> _Source material_
# # # #

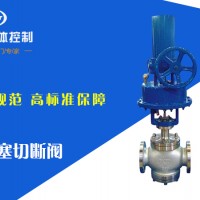 好得利厂家直发气动活塞切断阀 KZSQ轻型气动活塞切断阀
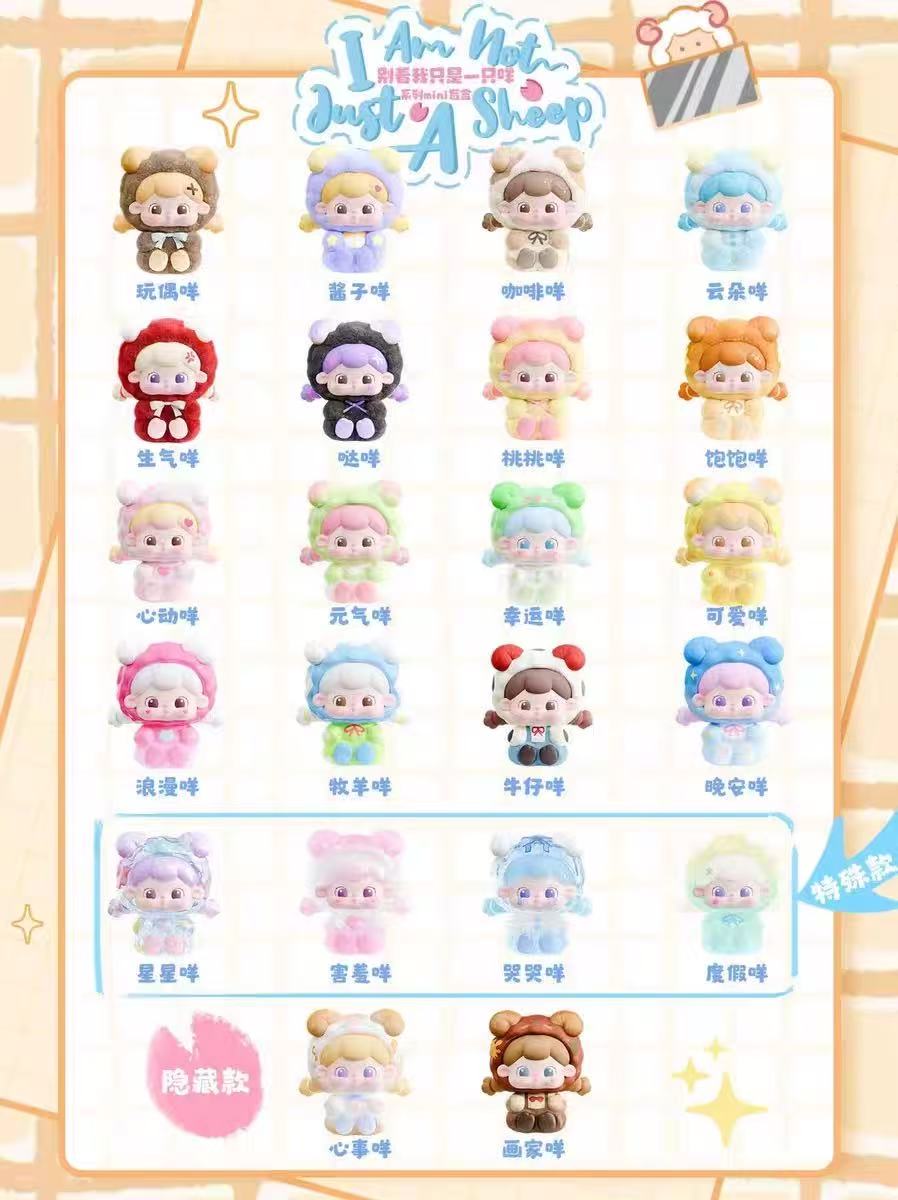 【NEW ARRIVAL】Tangtang I Am Not Just A Sheep Mini Figuers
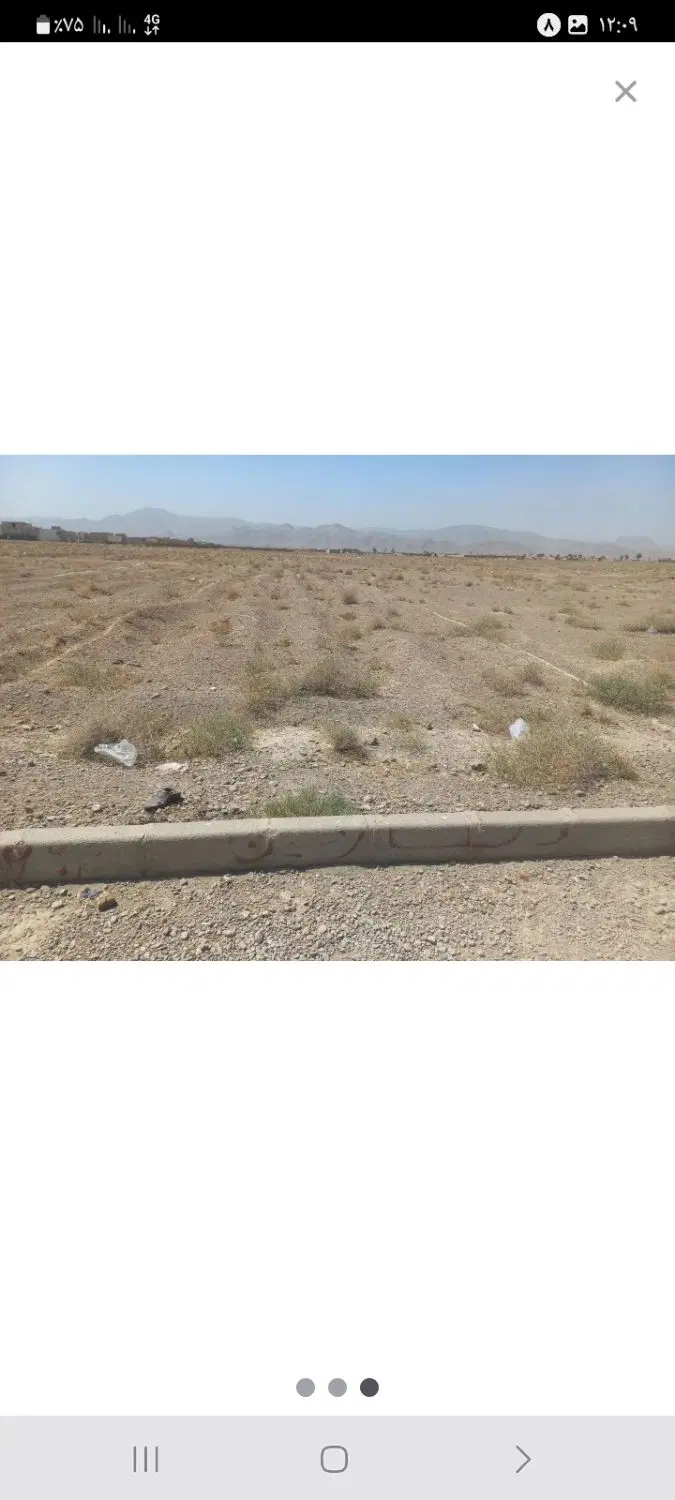 زمین فروشی قسمت چهارم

# # # #

> _What you have to do_
Give back all of the data exactly, but not the pictures.

> _Result of this task_
 好得利厂家直发气动活塞切断阀 KZSQ轻型气动活塞切断阀
 【NEW ARRIVAL】Tangtang I Am Not Just A Sheep Mini Figuers
 زمین فروشی قسمت چهارم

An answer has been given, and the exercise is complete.